* [What is being asked]: Images excepted, the data below must be repeated exactly.

* [Information shown]:

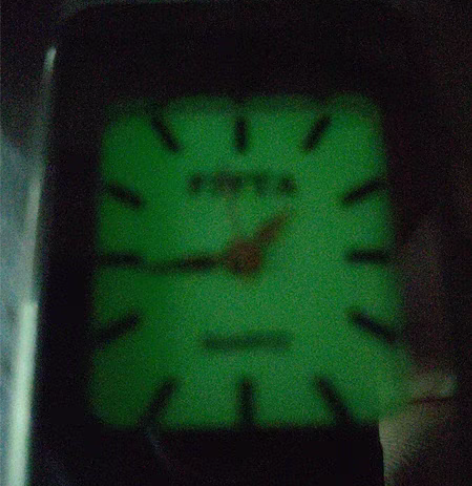 包邮飞亚达手表，夜光芒手表。不走 感兴趣的...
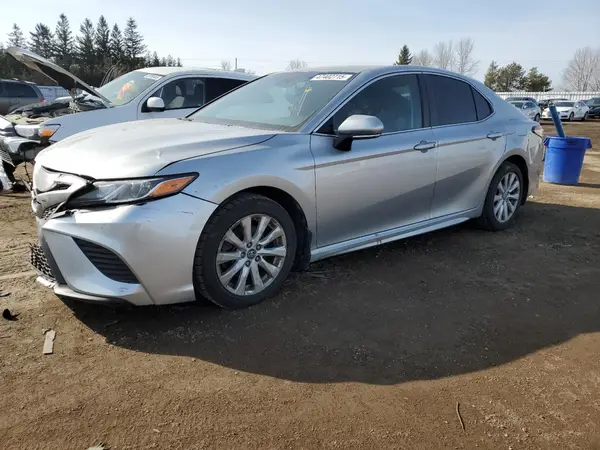 4T1B11HK8JU083328 2018 TOYOTA CAMRY - Image 2
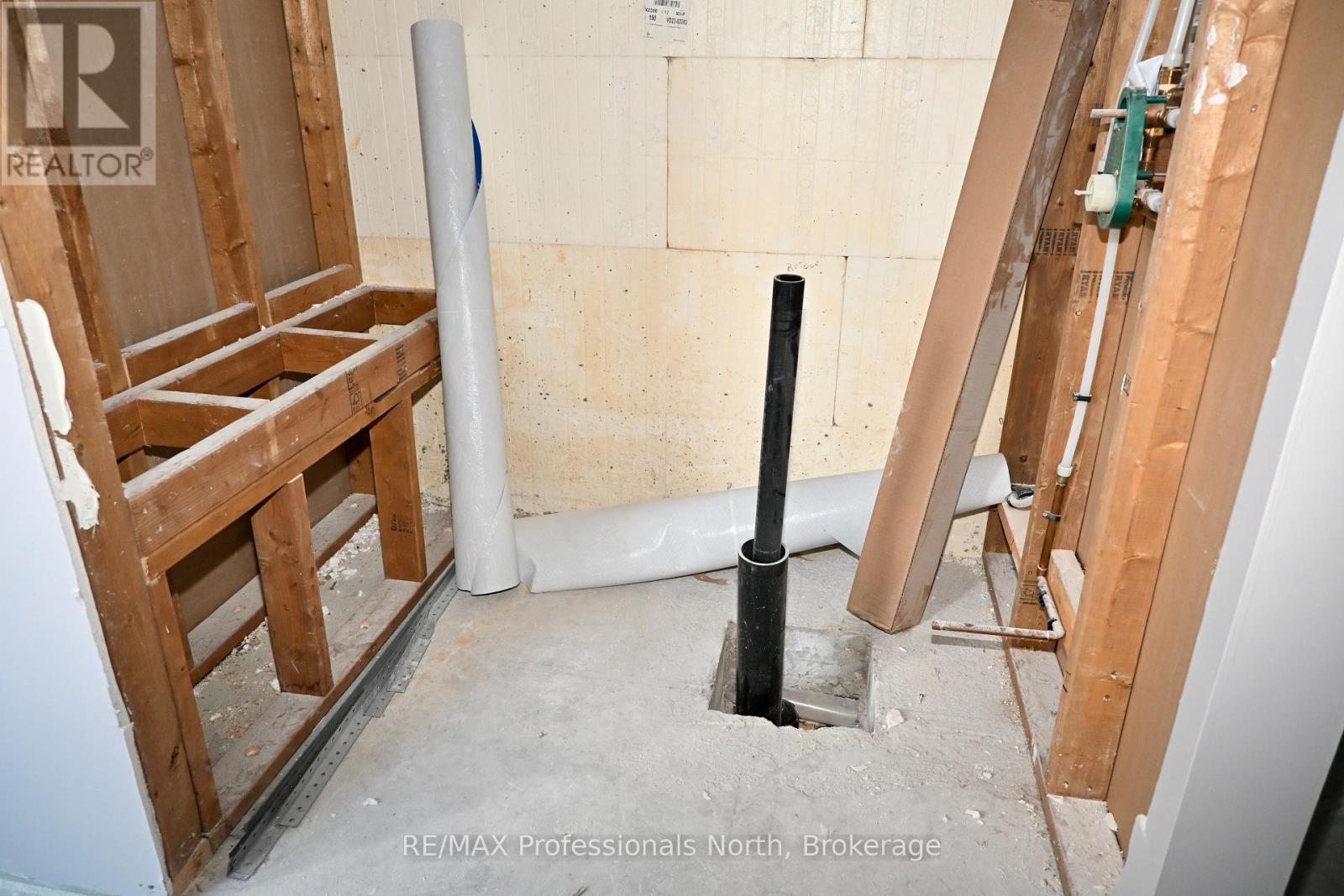 121 Loon Lake Road, Magnetawan, Ontario  P0A 1Z0 - Photo 30 - X12643326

* [Result for this task]:
 包邮飞亚达手表，夜光芒手表。不走 感兴趣的...
 4T1B11HK8JU083328 2018 TOYOTA CAMRY - Image 2
 121 Loon Lake Road, Magnetawan, Ontario  P0A 1Z0 - Photo 30 - X12643326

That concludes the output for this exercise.